▸ GOAL OF THE EXERCISE
All of the data below is to be repeated exactly, except for the pictures.

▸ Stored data
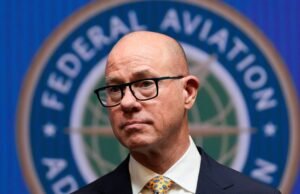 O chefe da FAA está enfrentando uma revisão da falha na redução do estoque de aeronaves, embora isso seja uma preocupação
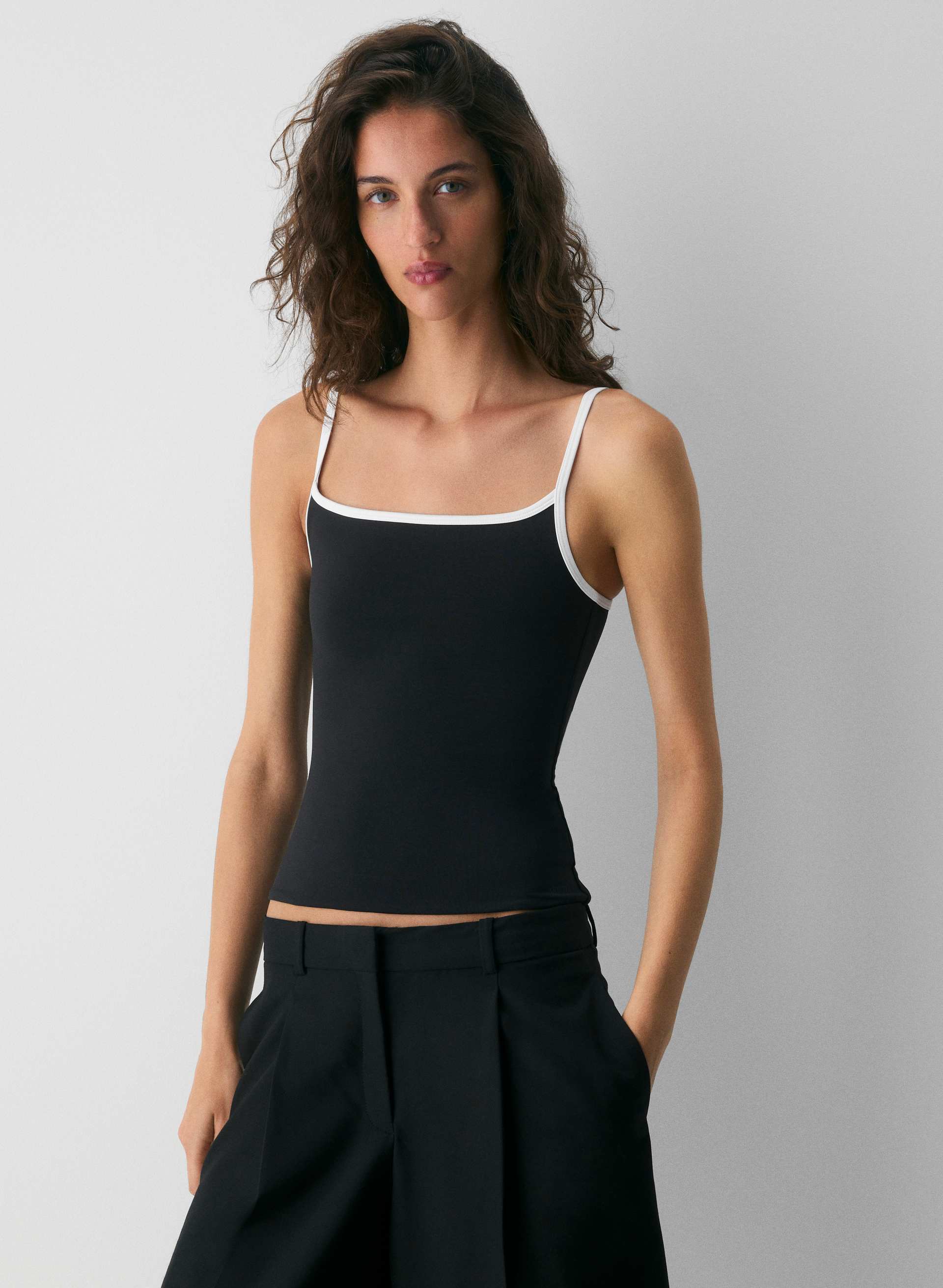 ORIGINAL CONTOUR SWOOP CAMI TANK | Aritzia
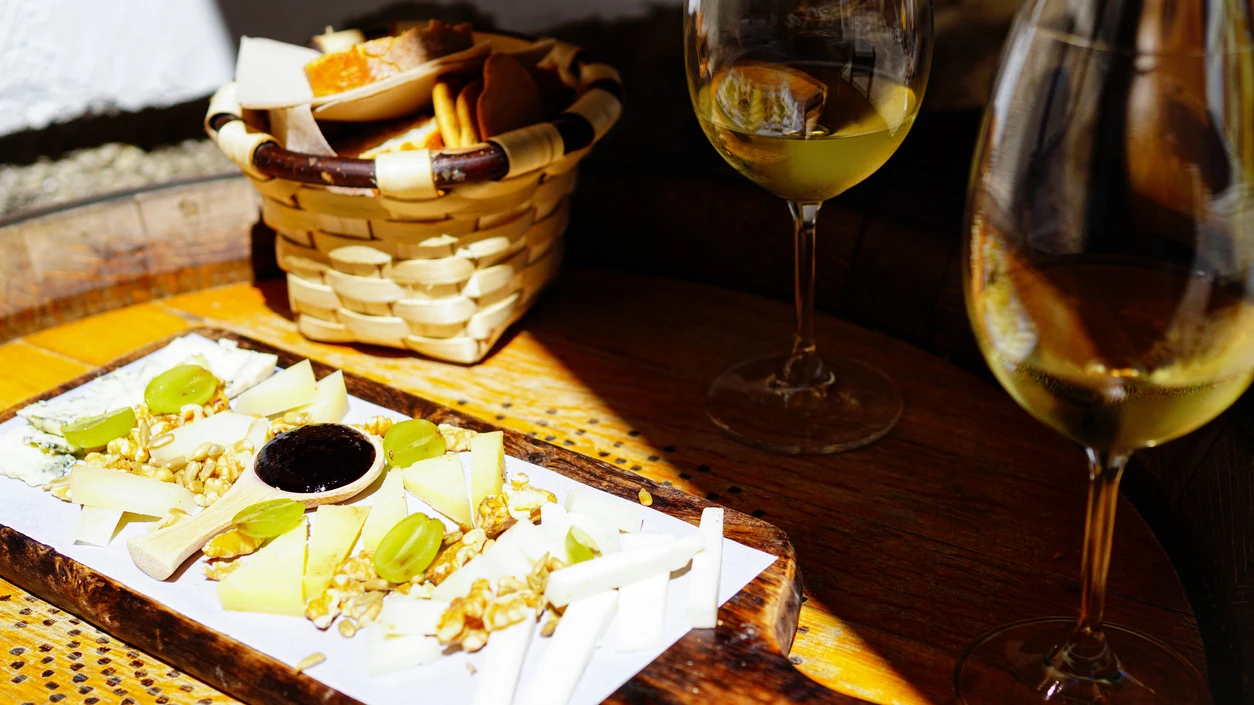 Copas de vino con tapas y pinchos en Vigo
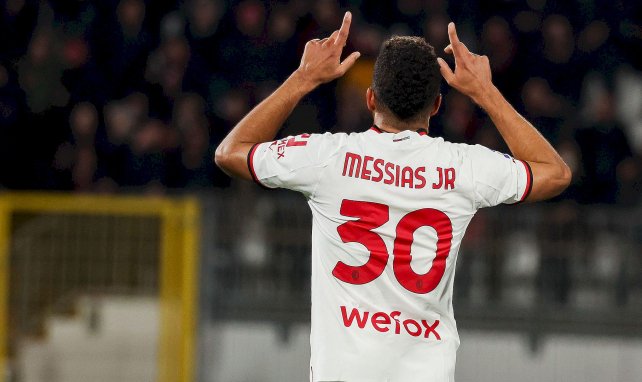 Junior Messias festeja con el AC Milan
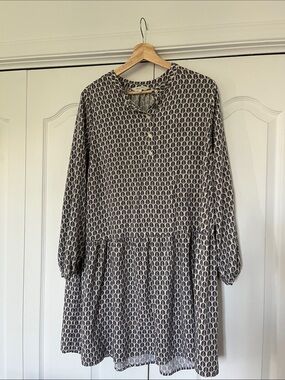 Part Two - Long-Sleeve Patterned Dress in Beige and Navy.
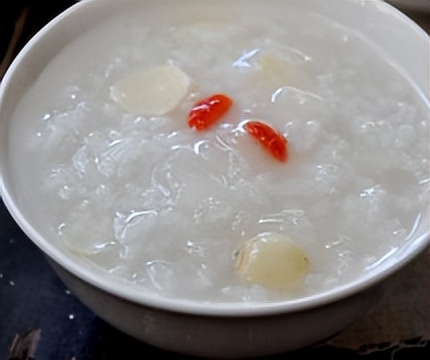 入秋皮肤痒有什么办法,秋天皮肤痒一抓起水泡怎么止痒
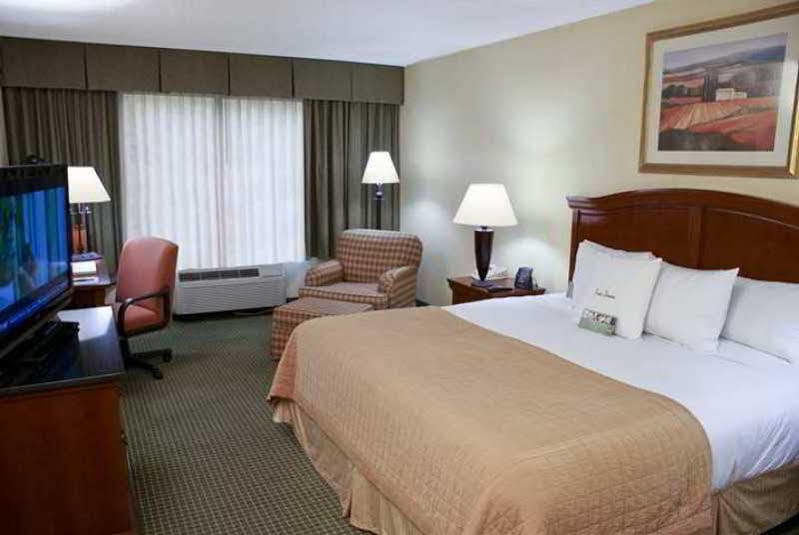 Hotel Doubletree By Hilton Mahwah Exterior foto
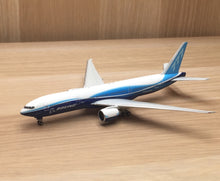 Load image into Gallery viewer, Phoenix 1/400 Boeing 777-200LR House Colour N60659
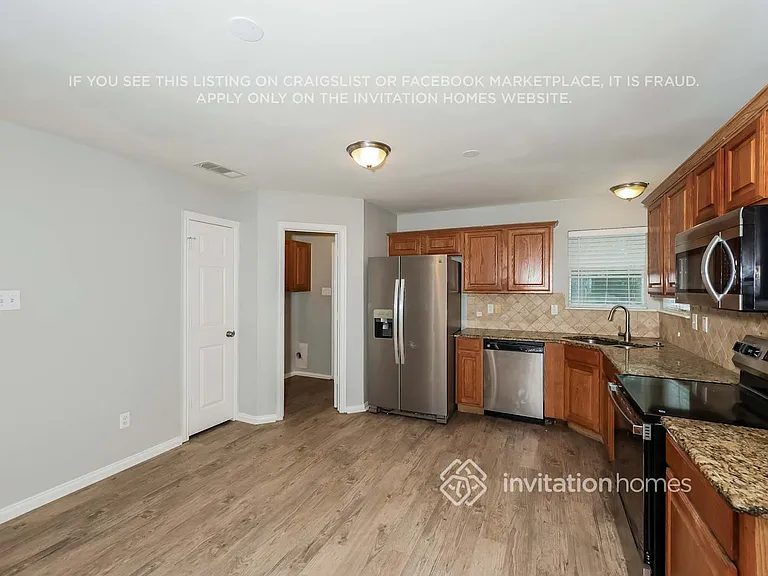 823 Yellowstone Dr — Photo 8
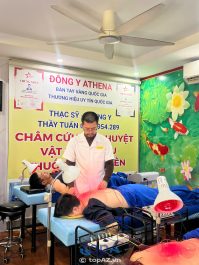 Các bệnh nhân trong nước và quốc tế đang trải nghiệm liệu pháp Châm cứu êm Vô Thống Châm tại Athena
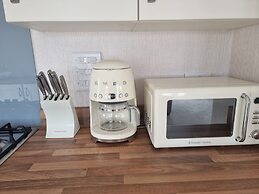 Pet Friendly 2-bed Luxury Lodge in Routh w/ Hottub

▸ RESULT
 O chefe da FAA está enfrentando uma revisão da falha na redução do estoque de aeronaves, embora isso seja uma preocupação
 ORIGINAL CONTOUR SWOOP CAMI TANK | Aritzia
 Copas de vino con tapas y pinchos en Vigo
 Junior Messias festeja con el AC Milan
 Part Two - Long-Sleeve Patterned Dress in Beige and Navy.
 入秋皮肤痒有什么办法,秋天皮肤痒一抓起水泡怎么止痒
 Hotel Doubletree By Hilton Mahwah Exterior foto
 Load image into Gallery viewer, Phoenix 1/400 Boeing 777-200LR House Colour N60659
 823 Yellowstone Dr — Photo 8
 Các bệnh nhân trong nước và quốc tế đang trải nghiệm liệu pháp Châm cứu êm Vô Thống Châm tại Athena
 Pet Friendly 2-bed Luxury Lodge in Routh w/ Hottub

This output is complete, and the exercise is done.